**What you are asked to do:** Return the stretch from the line with "Anatomaia Radiográfica Extensão" through the line with "Class II MOD with deep distal margin." in the data below, character for character, skipping all pictures.

**Dataset records:**
________________

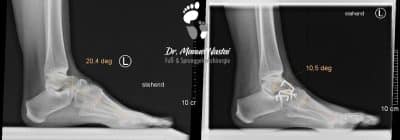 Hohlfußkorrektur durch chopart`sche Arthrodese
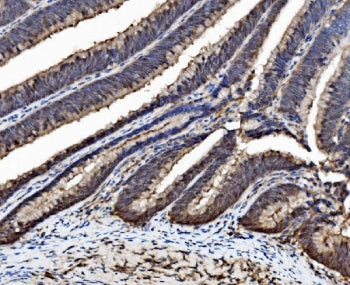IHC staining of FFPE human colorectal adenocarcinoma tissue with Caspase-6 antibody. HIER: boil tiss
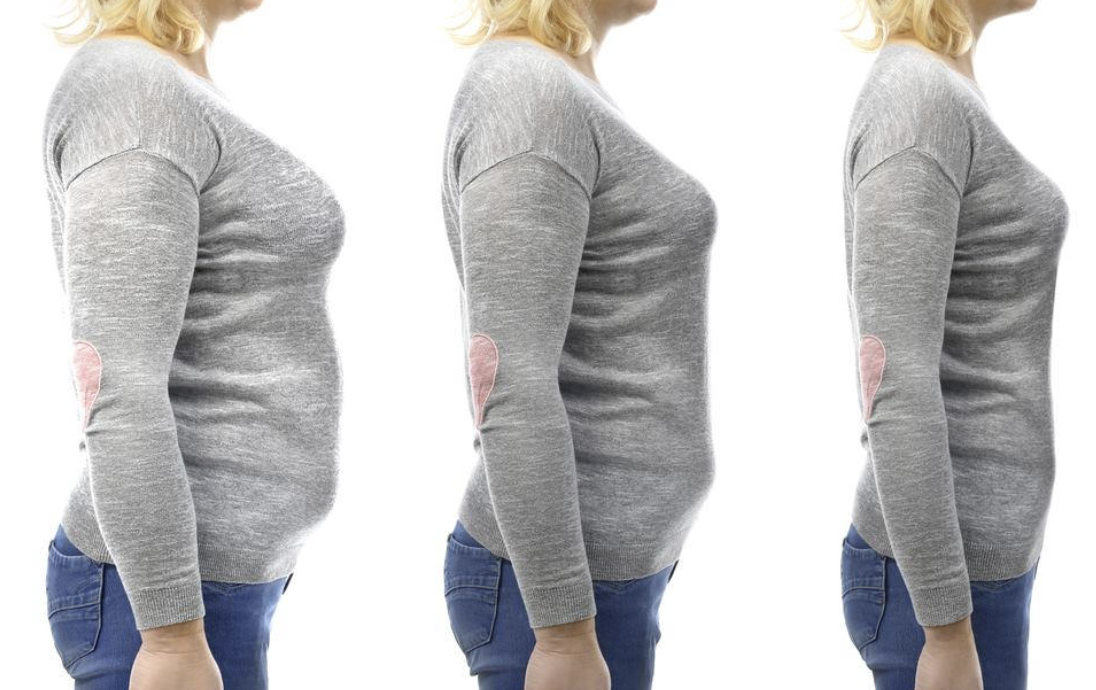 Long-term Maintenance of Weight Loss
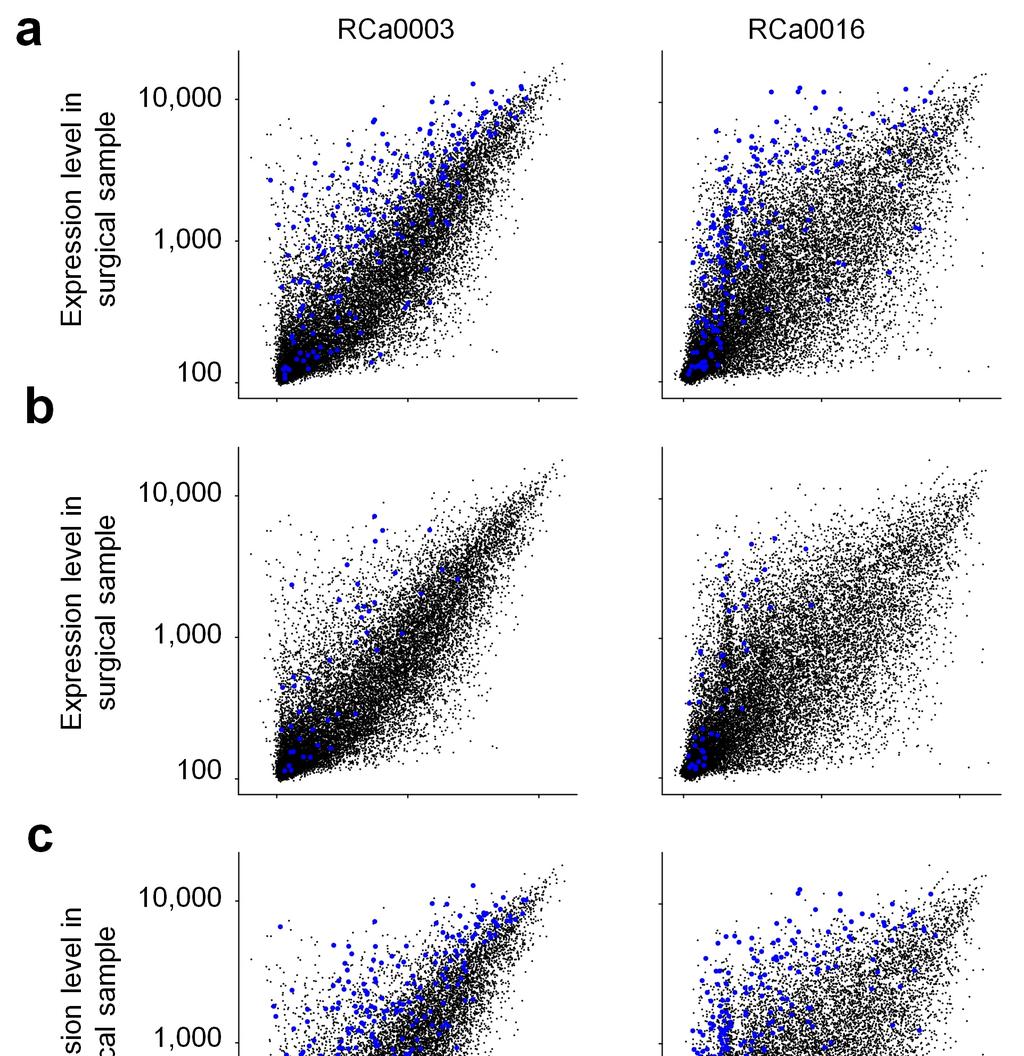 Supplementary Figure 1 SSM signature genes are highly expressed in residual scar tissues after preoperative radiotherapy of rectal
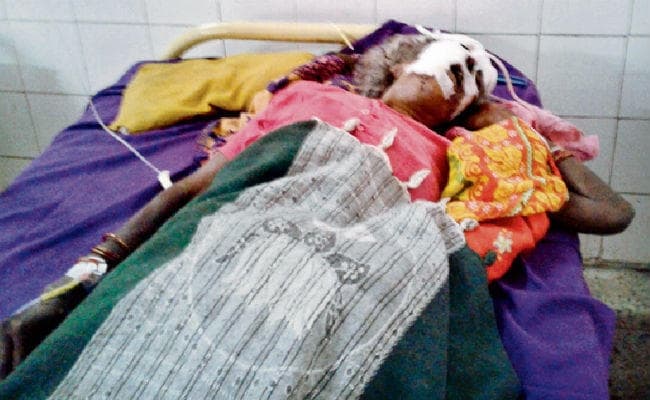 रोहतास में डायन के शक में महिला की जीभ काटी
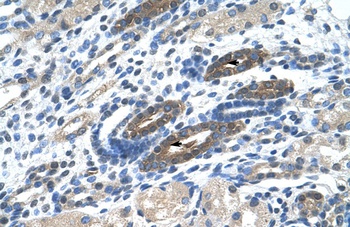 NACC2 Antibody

________________

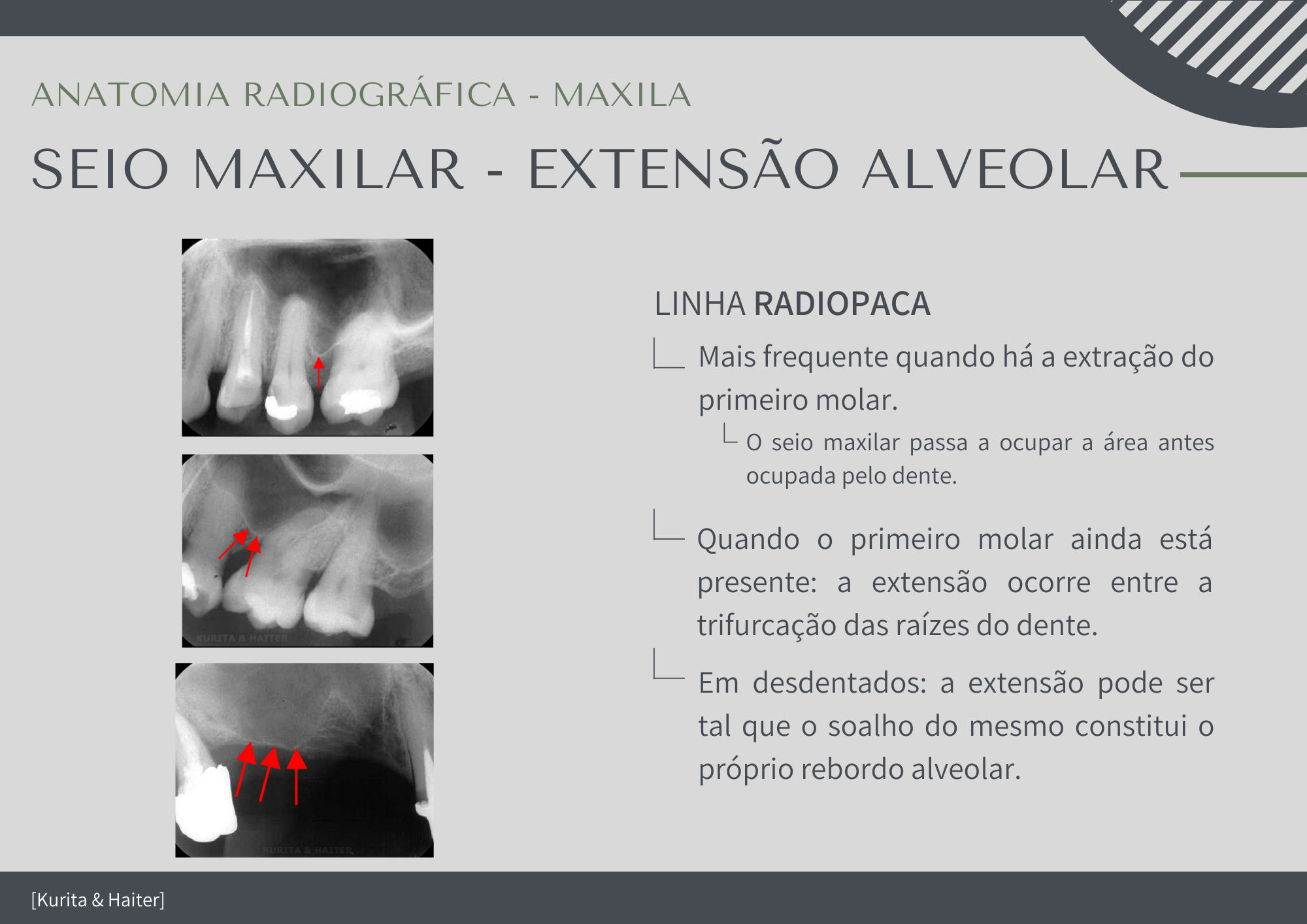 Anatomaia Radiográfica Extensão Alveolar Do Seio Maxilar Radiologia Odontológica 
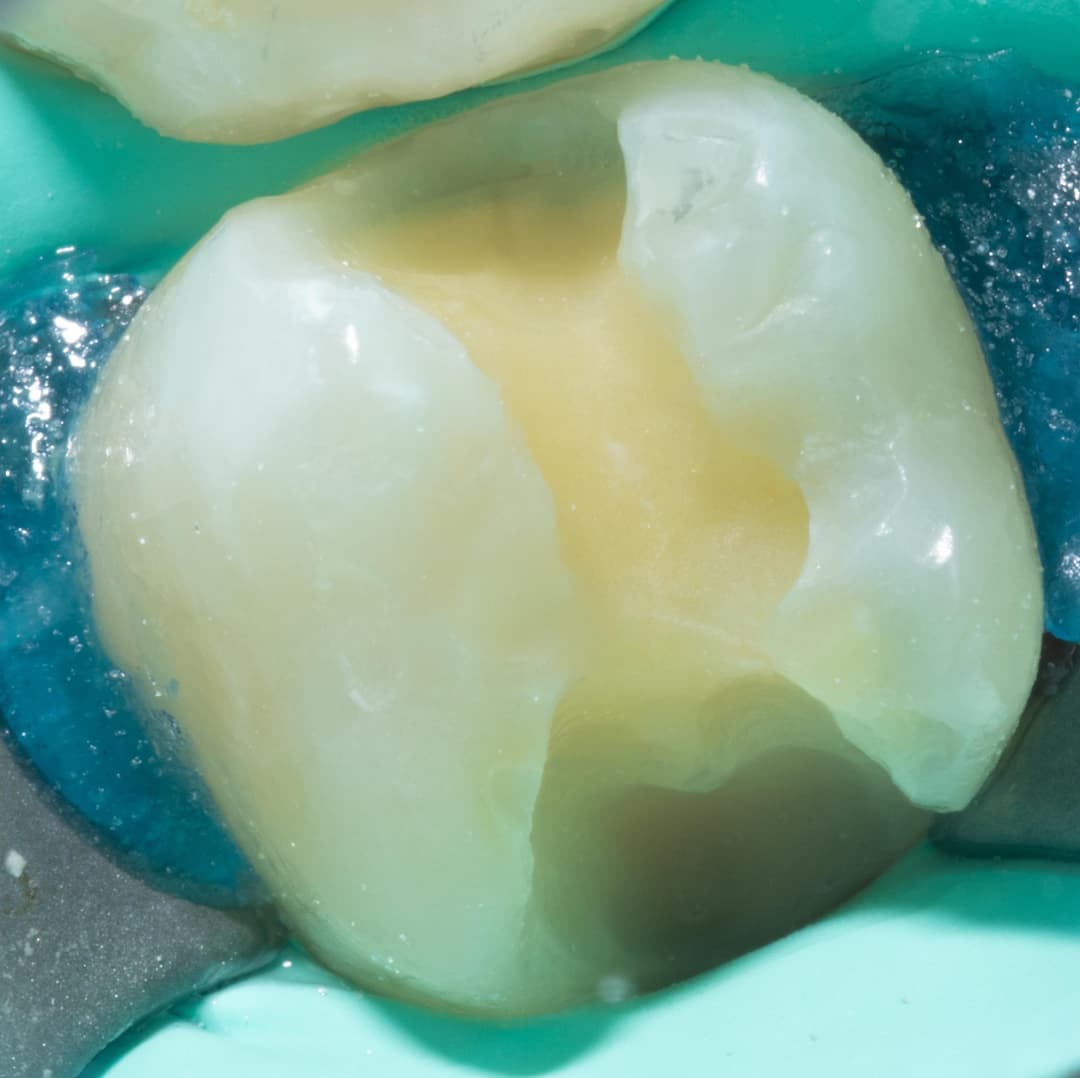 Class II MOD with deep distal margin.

________________

**Answer section:**
 Anatomaia Radiográfica Extensão Alveolar Do Seio Maxilar Radiologia Odontológica 
 Class II MOD with deep distal margin.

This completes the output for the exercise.